Friday, June 22, 2012

Day 13


Like everyone at UVa, I’ve spent the last thirteen days completely immersed in the debacle here, glued to email, the web, my iPhone etc…   At least three of my colleagues across the University have confessed to sleeping with their smart phones and checking their email when they get up in the night to go to the bathroom.  Countless others have learned to follow Twitter and some have even Tweeted themselves.  One of my students said on facebook that it’s getting to be like Law and Order around here; every five minutes something important happens.   It’s a miraculous moment; a revolution of the kind I never would have predicted and I’m proud of my colleagues who have done the hard organizing and thinking work.  I’ve been cynical about this place since I was a high schools student and found it too full of republicans and floral dresses.

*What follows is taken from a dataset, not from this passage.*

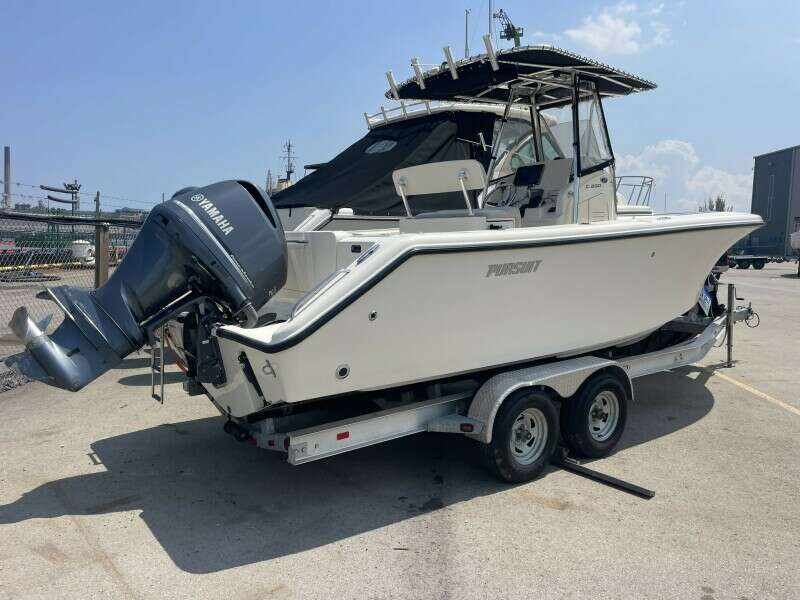 23ft Pursuit Yacht For Sale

Let’s be clear that it’s a revolution in part because the tenured faculty among us have job security.  I assume that I am not alone in thinking that despite the governor’s veiled threat about everyone stopping the frenzy that no one is going to start firing tenured faculty any time soon. That means we can yell and scream. And we don’t have any where we have to be at 3 p on a Tuesday, i.e., we have the flexibility to get shit done at the last minute. I’m not by any means saying that we sit on our duffs over the summer; in fact the BOV has now cost me about two good weeks of work; that’s a conference paper to be sure, a chunk of a book that was to get done this week, and a grant proposal for an arts outreach project. In lawyer terms that’s a lot of billable hours.  But I still have tenure.  And I’m well aware that if tenured faculty have felt that the University often treats us as if we ought to feel privileged to work here general faculty, staff, and wage earners have this even worse and do not have the same freedom to speak out.

 Dragon lady may have thought that by waiting until after graduation and raising forty million dollars at reunions that she would avoid student outcry and that the faculty might not notice. She failed to account for the fact that the students are fabulously mobile and that even the faculty all have smart phones (except my husband and best friend who call me regularly for updates when they are staking out the Rotunda at ungodly hours of the night); I followed it from a cafe in Berlin and, unlike the governor, managed to weigh in from abroad when necessary.

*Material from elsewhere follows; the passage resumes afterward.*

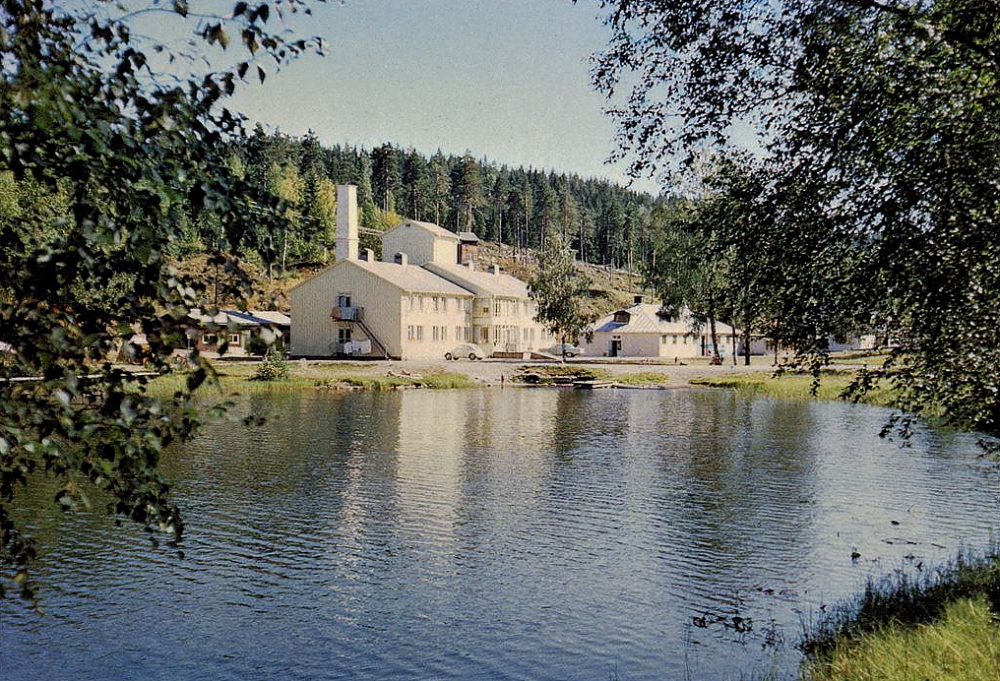 Hällefors, Loka Brunn, Badhusen vid Norra Loken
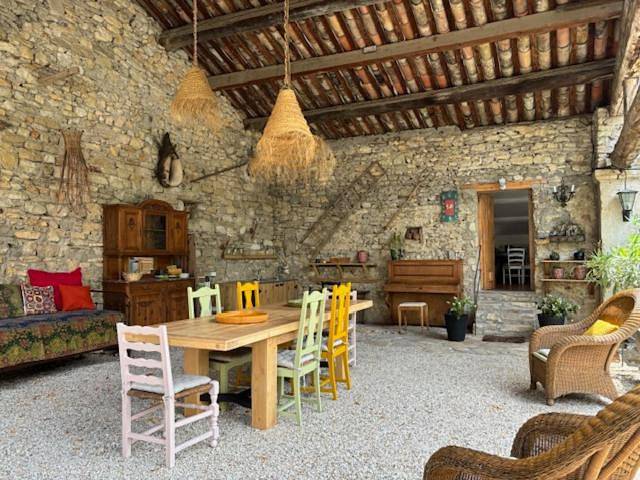 Location de vacances pour 3 personnes, avec vue ainsi que piscine et jardin à Vézénobres - 3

I’ve spent enough time in the community this year to be, at some level, mistrustful of what may at face value seem like such an overeducated revolution.  And at root I’m mad about what this says about public education, liberal arts education, the value of ideas and creativity.  But I’m also thinking that in all of this Access UVa, (financial aid) has a giant target on its back.  I’ve spent a good deal of time this year working to expose underserved kids to UVa; to help them think of the Lawn as accessible to them.  It won’t be without financial aid.  And community engagement of any kind likely doesn’t seem especially revenue generating to the powers at be.  They are, of course, short sighted in this; it’s good business to partner with the community.  And if the corporatization of education can mess with Mr. Jefferson’s elitist institution think of what it can do to underserved kids.

So Governor, I am extremely anxious to get back to work here; to spend less time on twitter and face book and more time writing my book,  planning a field trip to The Magic Flute for a group of underserved kids, and focusing on my children without worrying about whether they will have the kind of education I want them to have.  And I want to use some of that supposed time flexibility to hang out with them. But I’m afraid that no matter what happens on Tuesday we’ve not looking at business as usual.  It’s not just healing; it’s that even if Terri is reinstated the revolution such as it is will have lots more work to do.  We are on the cusp of a new UVa, one where the faculty actually buy into the idea that this is our university and that’s a big change.